This exercise calls for the data below to be retyped exactly, minus any images.
[[ COLLECTED MATERIAL, beginning ]]
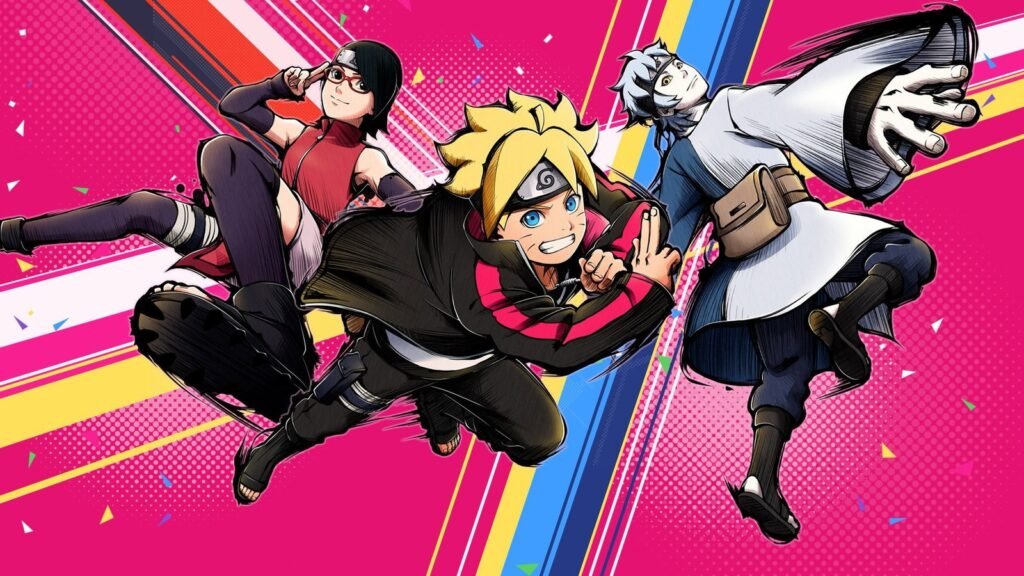 Boruto, Sarada e Mitsuki saltam juntos sobre um fundo rosa e listrado na arte oficial do Anime Boruto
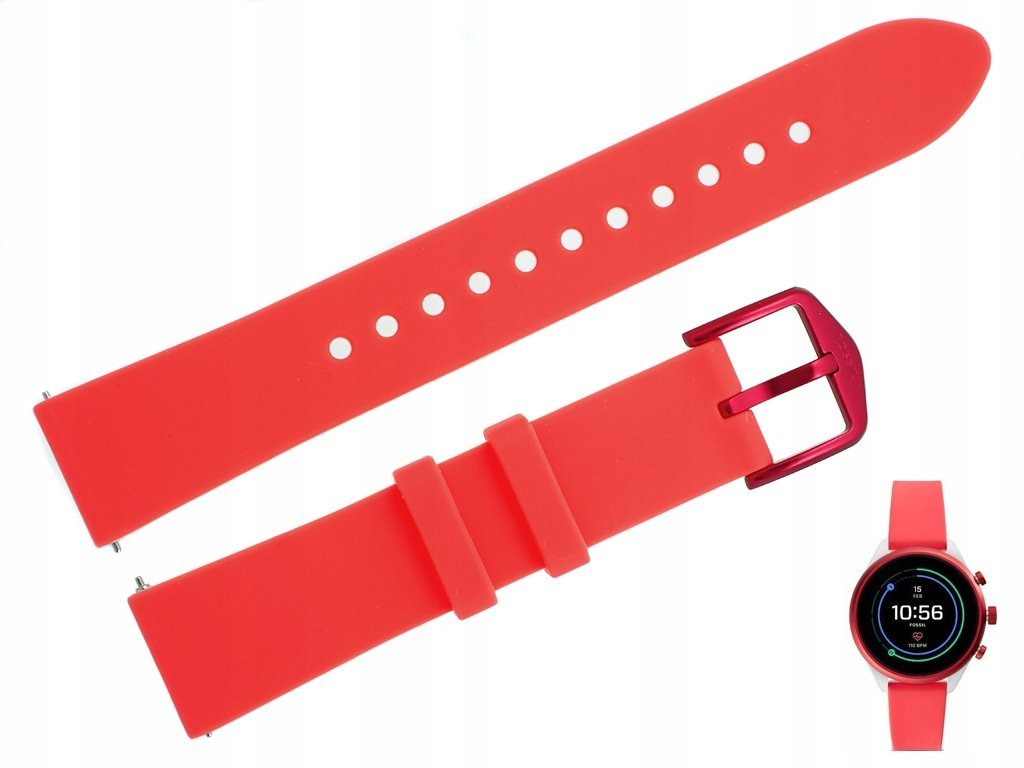 Pasek do zegarka Fossil FTW6027 18 mm czerwony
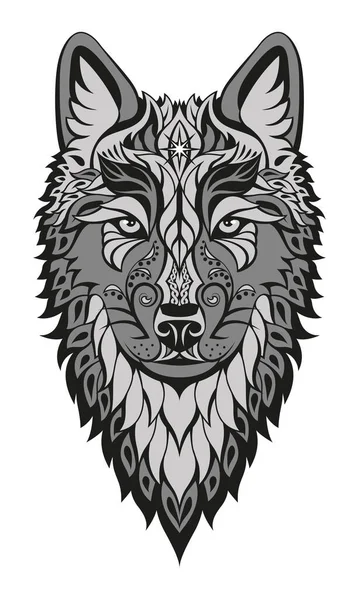 現代の抽象的なキャラクターのオオカミの頭の印刷デザインのための白い背景に黒の図面 芸術ベクトル図 — ストックベクタ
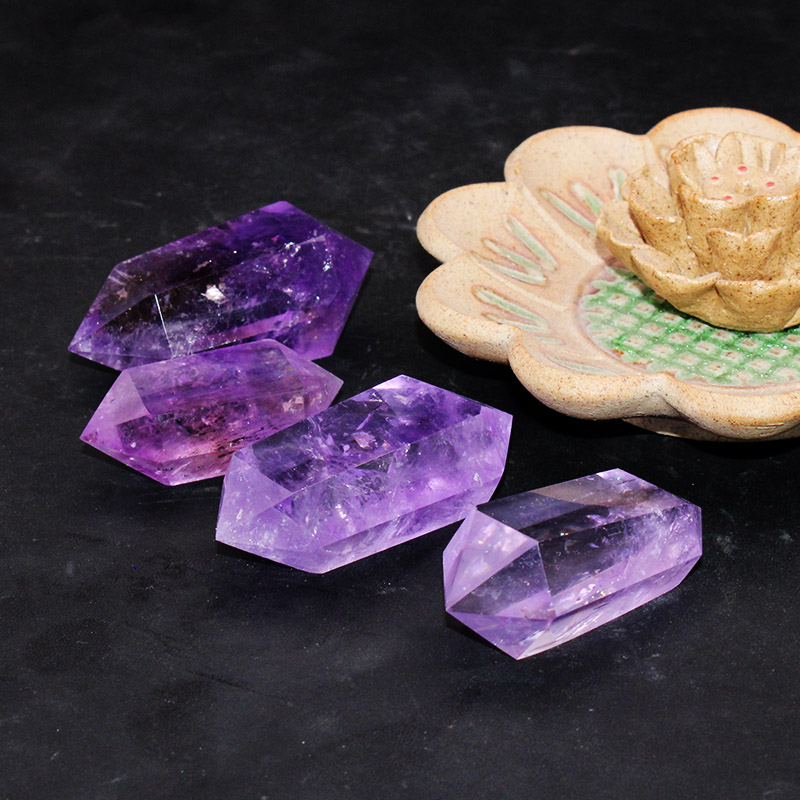 天然乌拉圭双尖紫水晶原石六棱柱摆件消磁灵摆紫水晶柱手把玩件56厘米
[[ COLLECTED MATERIAL, end ]]
PROBLEM SOLUTION
 Boruto, Sarada e Mitsuki saltam juntos sobre um fundo rosa e listrado na arte oficial do Anime Boruto
 Pasek do zegarka Fossil FTW6027 18 mm czerwony
 現代の抽象的なキャラクターのオオカミの頭の印刷デザインのための白い背景に黒の図面 芸術ベクトル図 — ストックベクタ
 天然乌拉圭双尖紫水晶原石六棱柱摆件消磁灵摆紫水晶柱手把玩件56厘米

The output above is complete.